▸ **EXERCISE DETAILS**
Every line from the one with "Dimitra Apartments G room 3" through the end of the material below, both ends included, should be transcribed exactly, without pictures.

▸ **PROVIDED DATA**
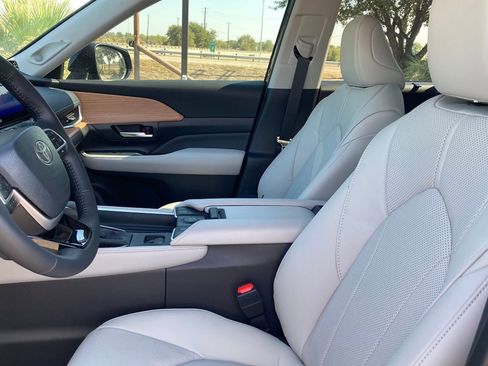 New 2026 Toyota Grand Highlander Limited image 2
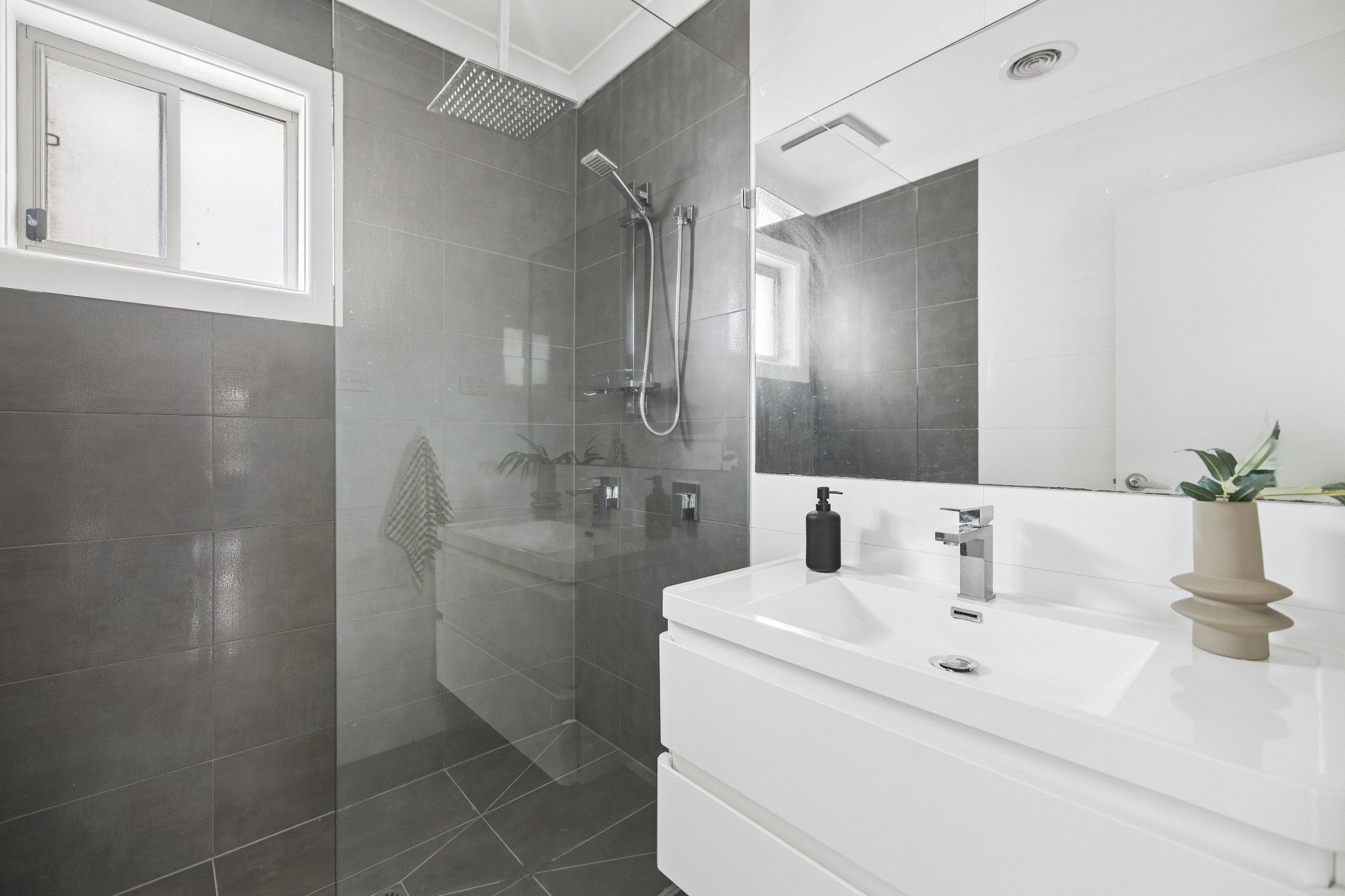38 Yarra Avenue — photo 8 of 13
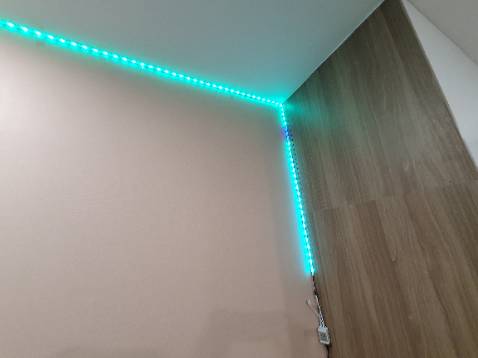 Vừa hì hục treo cả buổi thì bị lỗi bóng, chỉ hiển thị được màu xanh (green), chuyển qua màu khác thì chỉ có 1 đoạn ngắn lên màu, các đoạn còn lại đều không sáng. Vừa hì hục treo cả buổi thì bị lỗi bóng, chỉ hiển thị được màu xanh (green), chuyển qua màu khác thì chỉ có 1 đoạn ngắn lên màu, các đoạn còn lại đều không sáng.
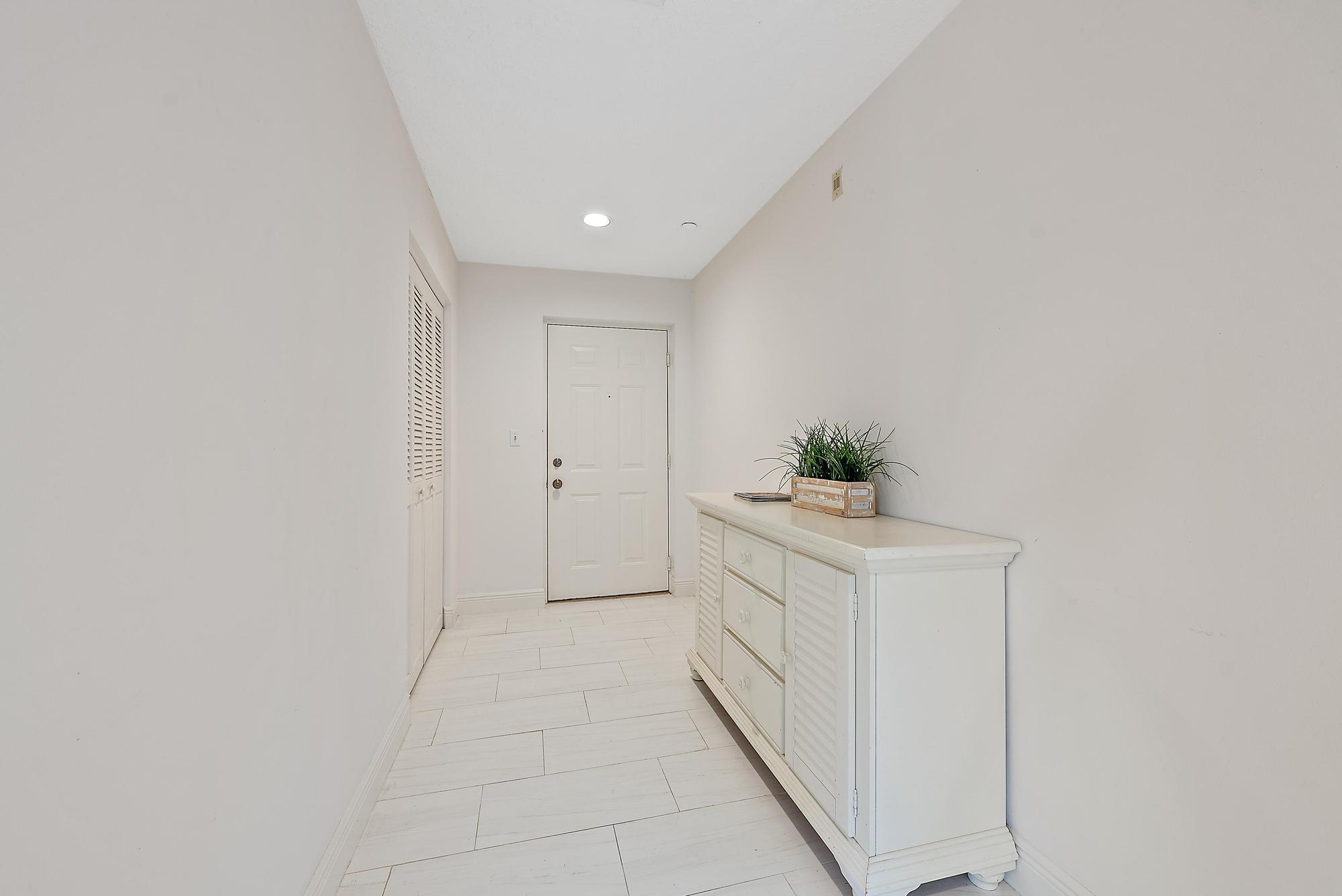 811 Oak Harbour Drive Property Photo 18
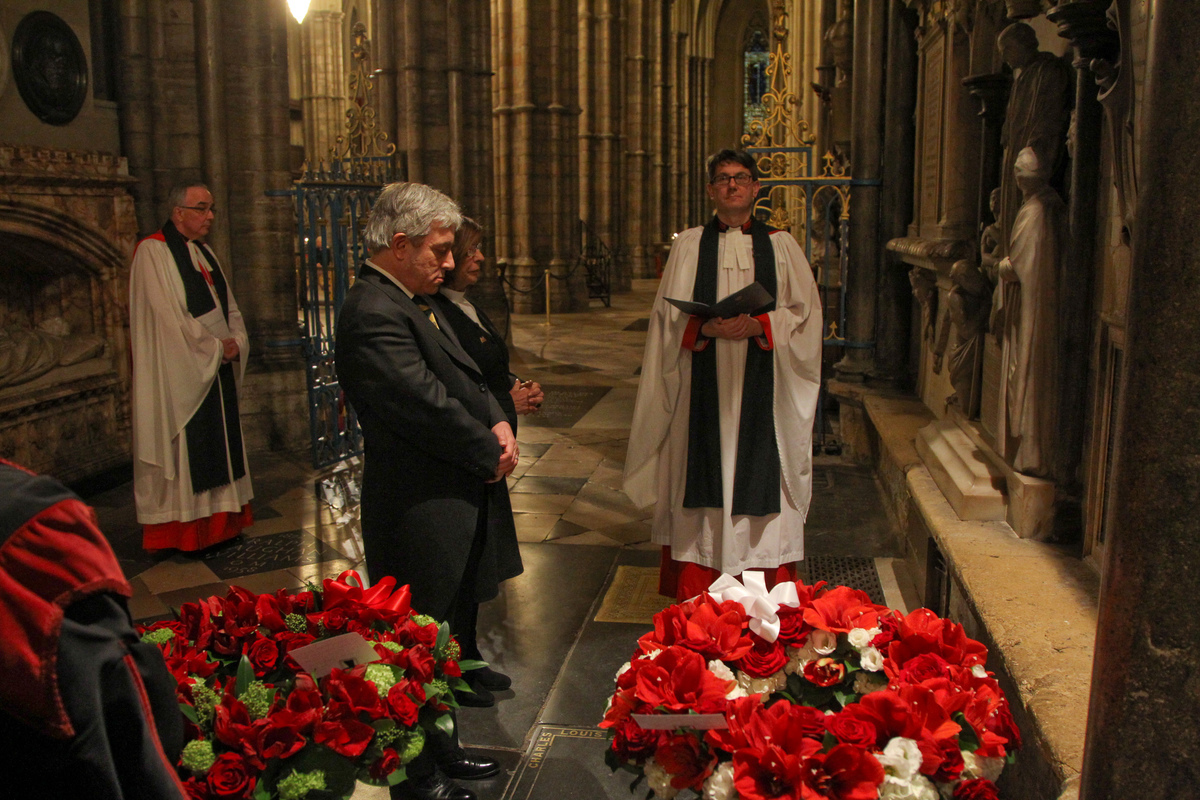 The Speaker and Lord Speaker lay wreaths at the tablet commemorating Simon de Montfort's contribution to the Abbey in the North Quire Aisle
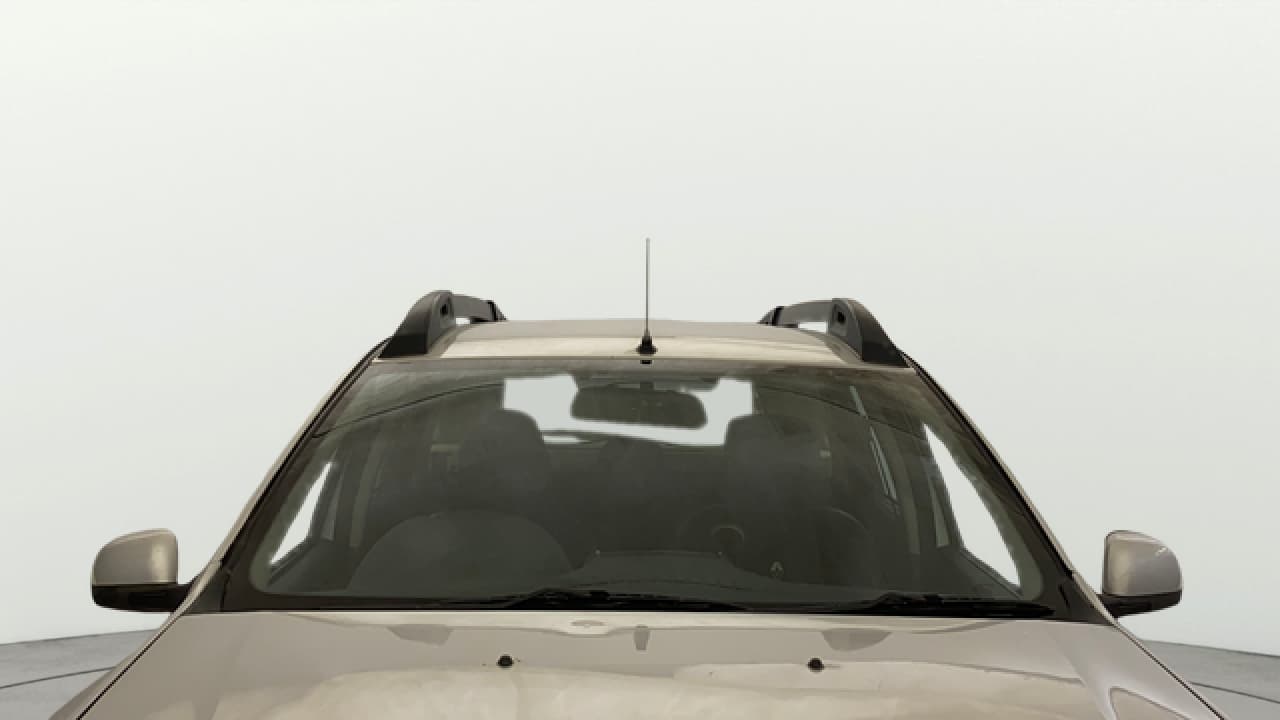 2017 Renault Duster RXE 1.6 PETROL, Petrol, Manual, 61,158 km, Front Windshield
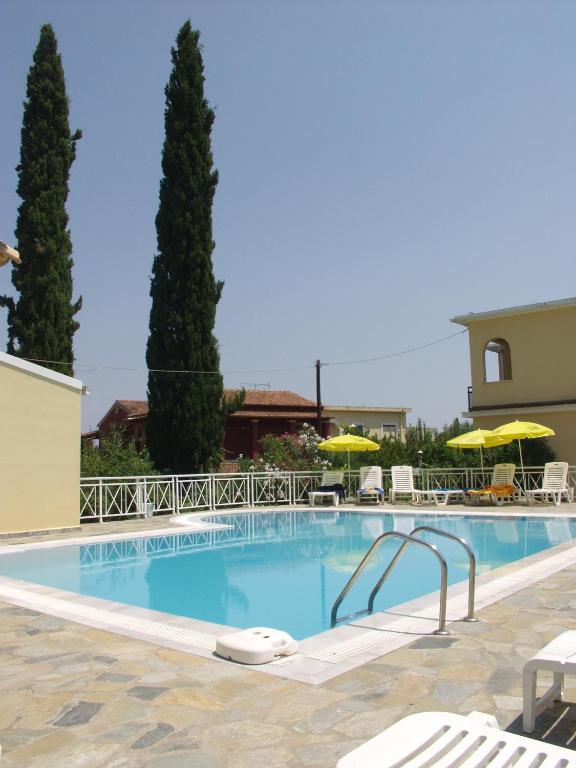 Dimitra Apartments G room 3
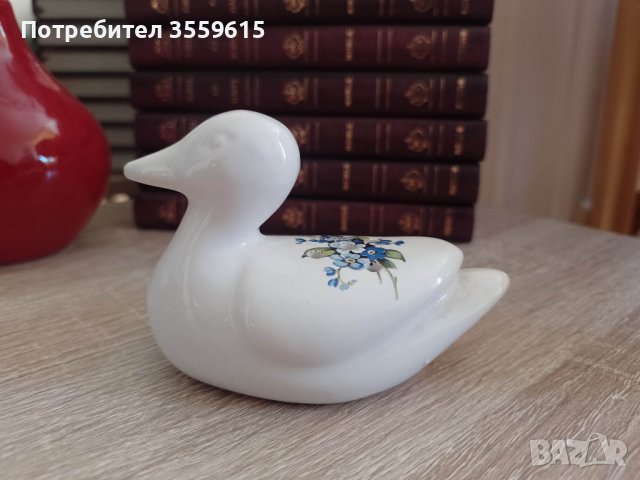 порцеланова статуетка на патица от Женева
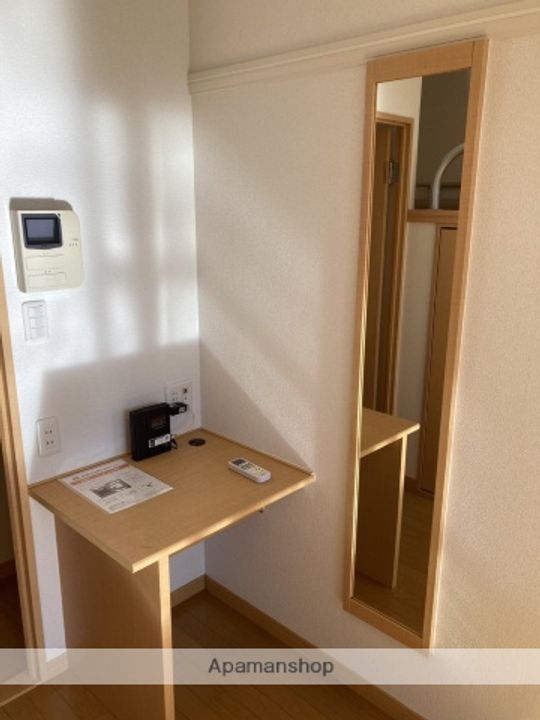 ピカソ出仲間の内装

▸ **ANSWER SPACE**
 Dimitra Apartments G room 3
 порцеланова статуетка на патица от Женева
 ピカソ出仲間の内装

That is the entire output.